In many domains, accelerators---such as graphic processing units (GPUs) and field programmable gate arrays (FPGAs)---provide a significantly higher performance than general-purpose processors and at a much lower power. Accelerator-rich architectures are thus much more energy-efficient and are becoming mainstream.
This dissertation investigates two important keys to the performance and power efficiency of accelerator-rich architectures---resource and data management. Three broad classes of accelerator-rich architectures are considered: chip-level accelerator-rich architectures such as systems-on-chips(SoC), node-level accelerator-rich architectures, and cluster-level accelerator-rich architectures.
We first study SoC resource management for a broader class of streaming applications. On accelerator-rich SoCs, where multiple computation kernels space-share a single chip, we target the exploration of tradeoffs of on-chip resources and system performance, and find the best combination of accelerator implementations and data communication channel implementations to realize the application functionality.

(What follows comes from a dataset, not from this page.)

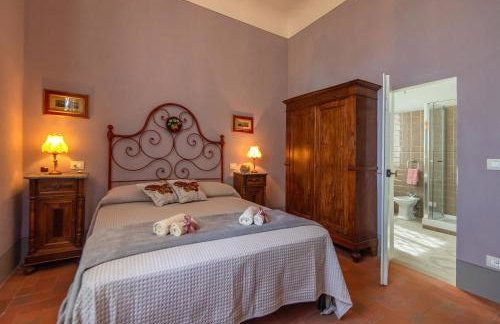 Agriturismo Villa Ulivello in Chianti - Foto 38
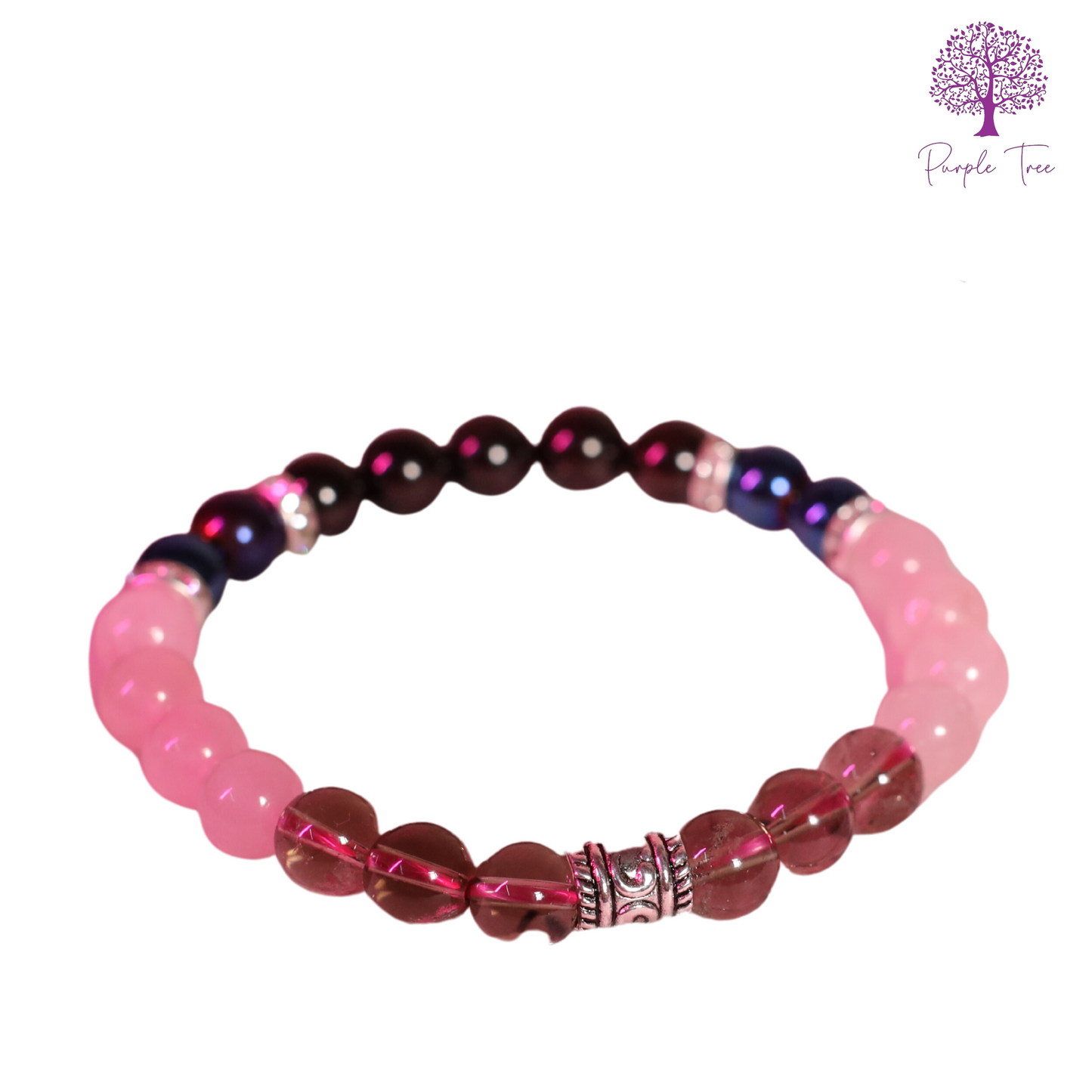 Dealing With Negative People Bracelet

We continue our study of node-level accelerator-rich architectures where we consider orchestrating two kinds of computation resources, CPU and accelerator, in the PCIe-integrated CPU-accelerator platform and explore the CPU-FPGA collaboration approach to improve application performance.
Then we study the resource allocation problem on accelerator-rich clusters, where accelerators are time-shared among multiple tenants. Unlike traditional cluster resource management, we propose to consider accelerators as the first-class citizen in the cluster resource pool, and develop an accelerator-centric resource scheduling policy to enable fine-grained accelerator sharing among multiple tenants.
Finally, we investigate data shuffling on accelerator-rich clusters and evaluate the possibility of using accelerators during data shuffling. We find that although data shuffling involves a large amount of computation, using accelerators does not necessarily improve system performance due to the data serialization and deserialization overhead introduced by accelerators.